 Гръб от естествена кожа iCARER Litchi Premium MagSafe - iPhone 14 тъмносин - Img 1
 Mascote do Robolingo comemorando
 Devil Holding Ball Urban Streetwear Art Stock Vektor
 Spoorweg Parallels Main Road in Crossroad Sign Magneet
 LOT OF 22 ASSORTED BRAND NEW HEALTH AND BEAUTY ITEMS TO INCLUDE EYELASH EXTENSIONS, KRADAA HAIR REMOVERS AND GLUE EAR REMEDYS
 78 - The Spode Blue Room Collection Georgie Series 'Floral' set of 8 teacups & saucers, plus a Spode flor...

...

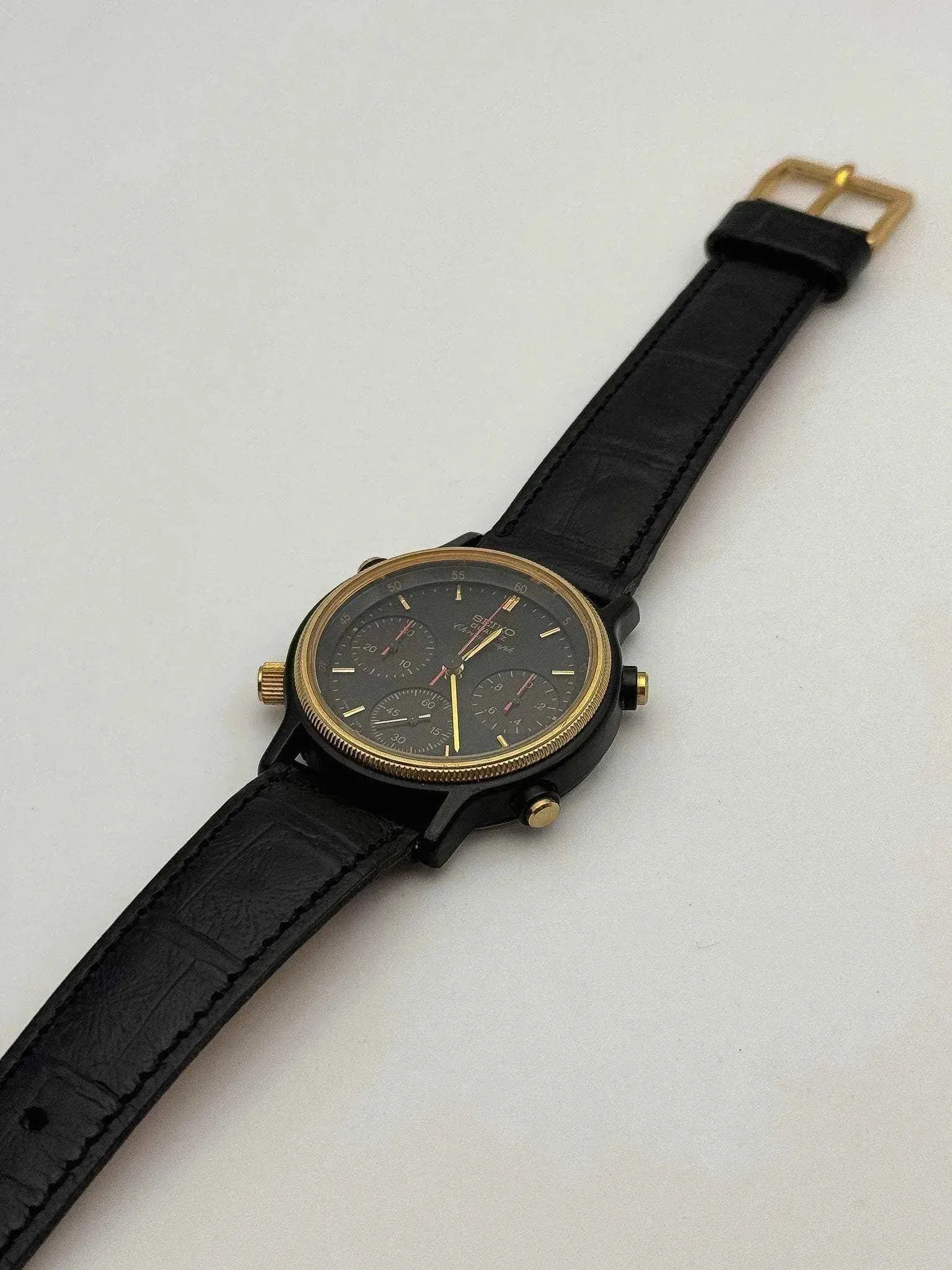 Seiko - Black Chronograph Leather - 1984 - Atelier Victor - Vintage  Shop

● Your objective
Keep both end lines and retype everything in the records above from the line containing "LOT OF 22 ASSORTED" through the line containing "78 - The Spode", exactly, with nothing else.

● Answer for the task
 LOT OF 22 ASSORTED BRAND NEW HEALTH AND BEAUTY ITEMS TO INCLUDE EYELASH EXTENSIONS, KRADAA HAIR REMOVERS AND GLUE EAR REMEDYS
 78 - The Spode Blue Room Collection Georgie Series 'Floral' set of 8 teacups & saucers, plus a Spode flor...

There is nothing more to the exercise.